[Task description]: Everything from the line with "Control de Celulitis" to the last line of the listing must be retyped exactly, both ends included, with the pictures dropped.

[Data excerpt]:

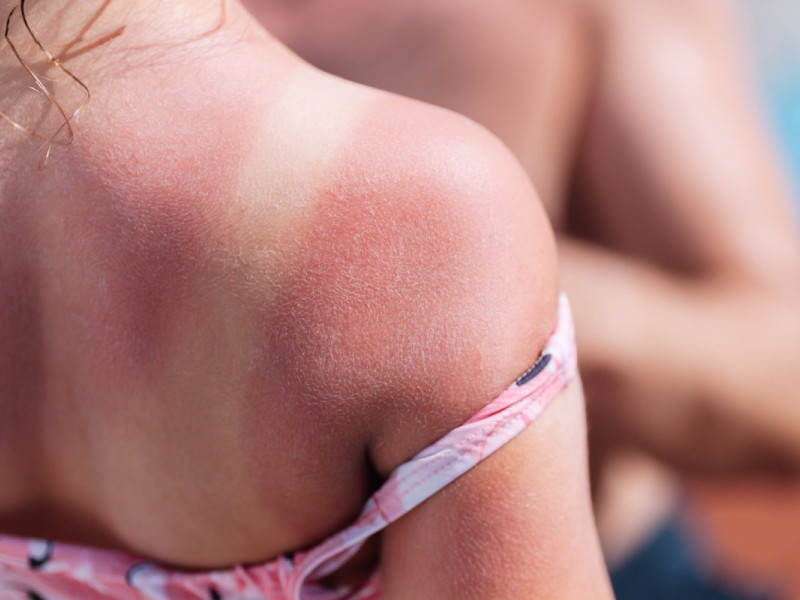 Los expertos advierten: "las quemaduras en la piel pueden causar melanomas"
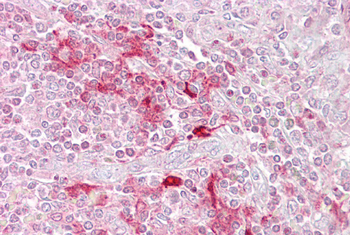 ETV5 Rabbit Polyclonal Antibody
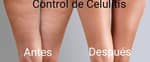 Control de Celulitis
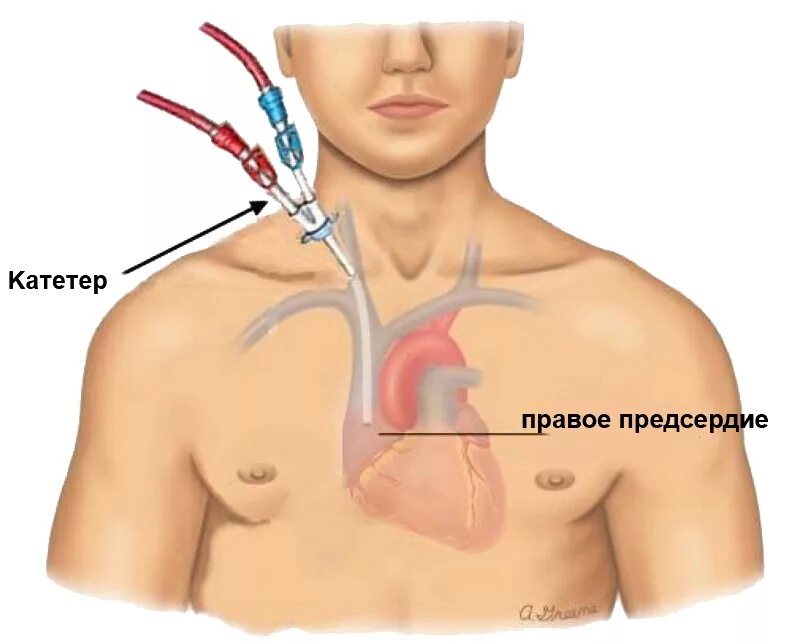 Самая самая шунт. Подключичный катетер для гемодиализа. Подключичный венозный катетер. Центральный венозный катетер для диализа. ЦВК Центральный венозный катетер.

[Output of the exercise]:
 Control de Celulitis
 Самая самая шунт. Подключичный катетер для гемодиализа. Подключичный венозный катетер. Центральный венозный катетер для диализа. ЦВК Центральный венозный катетер.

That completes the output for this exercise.